Segment Start: AVAILABLE RECORDS
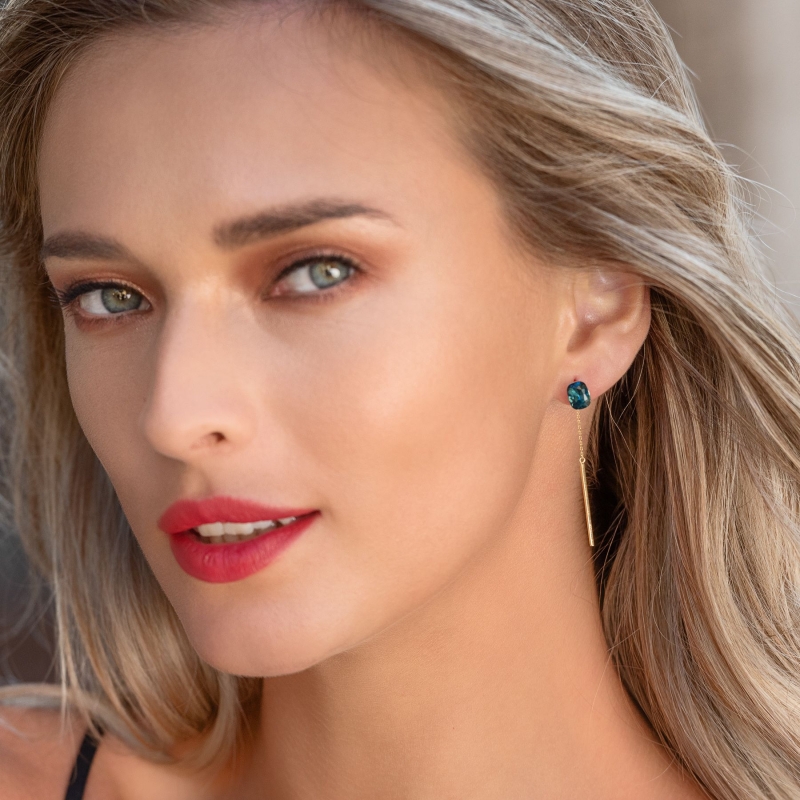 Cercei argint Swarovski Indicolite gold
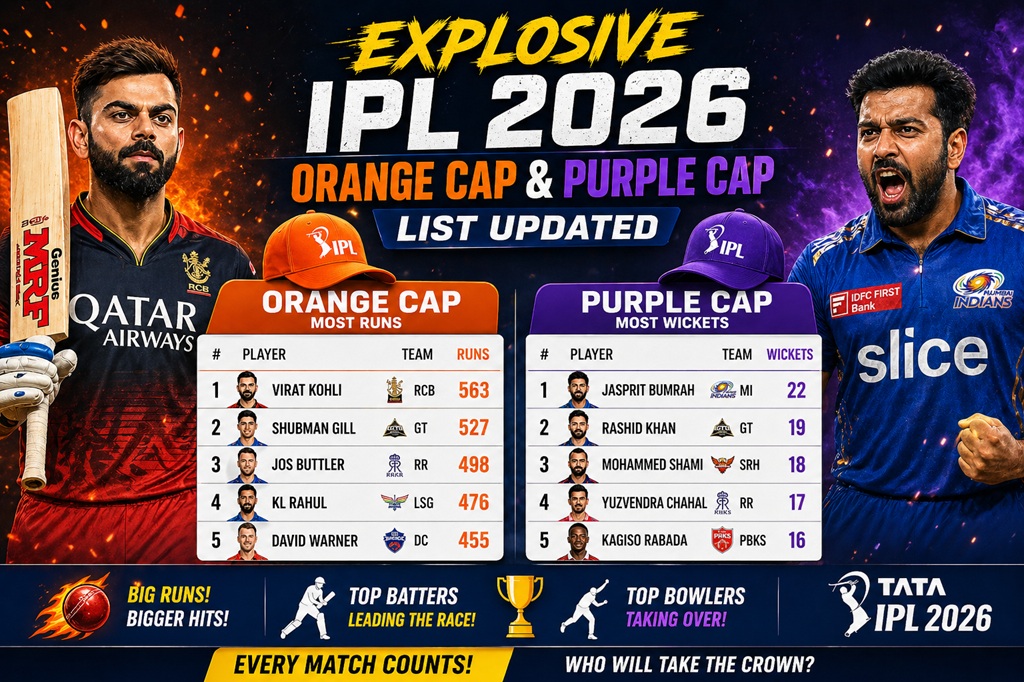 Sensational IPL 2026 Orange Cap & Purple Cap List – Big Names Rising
Segment End: AVAILABLE RECORDS
Segment Start: AVAILABLE RECORDS
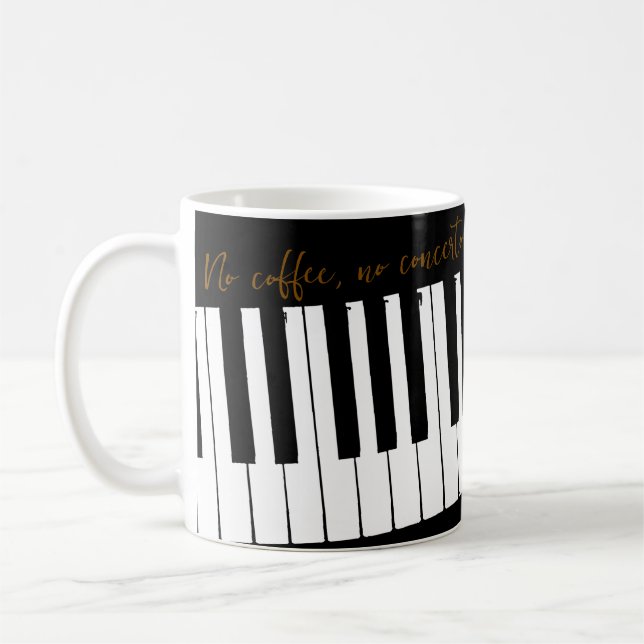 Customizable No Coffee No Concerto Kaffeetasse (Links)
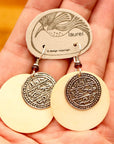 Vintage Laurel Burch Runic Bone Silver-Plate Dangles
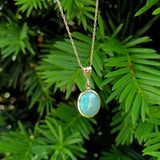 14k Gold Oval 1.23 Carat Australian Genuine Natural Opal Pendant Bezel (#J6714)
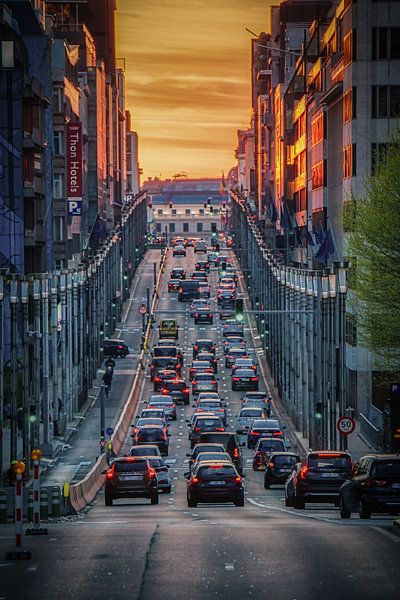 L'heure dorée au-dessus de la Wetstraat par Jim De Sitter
Segment End: AVAILABLE RECORDS
Segment Start: AVAILABLE RECORDS
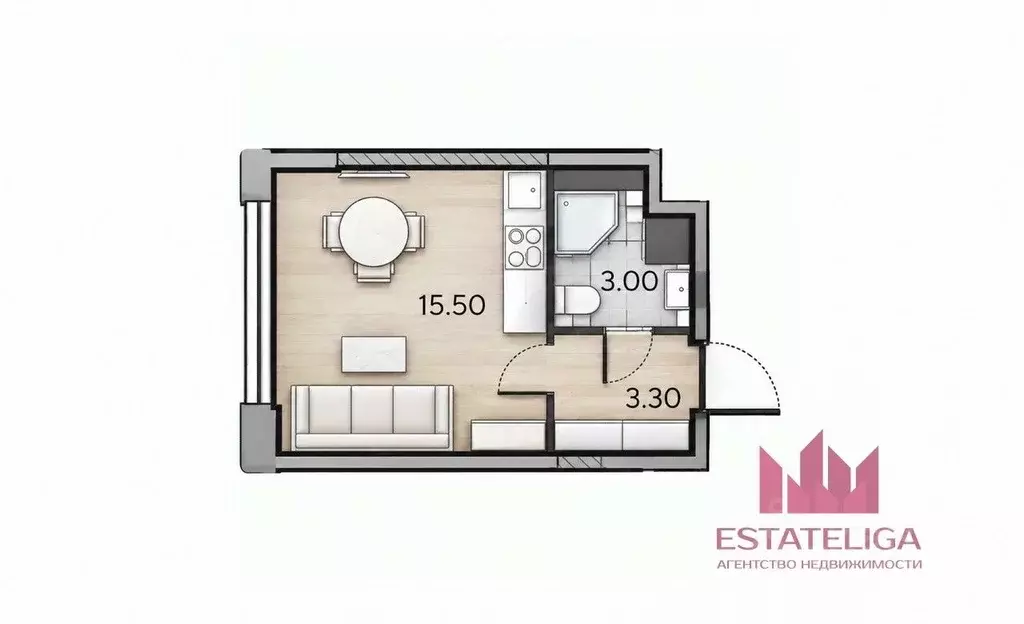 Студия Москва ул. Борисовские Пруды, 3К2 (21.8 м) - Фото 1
Segment End: AVAILABLE RECORDS
PROBLEM
Using the data above, output the line that has "Vintage Laurel Burch", the line that has "L'heure dorée au-dessus", and whatever lines fall between, each exactly as it stands and without pictures.

COMPLETED TASK
 Vintage Laurel Burch Runic Bone Silver-Plate Dangles
 14k Gold Oval 1.23 Carat Australian Genuine Natural Opal Pendant Bezel (#J6714)
 L'heure dorée au-dessus de la Wetstraat par Jim De Sitter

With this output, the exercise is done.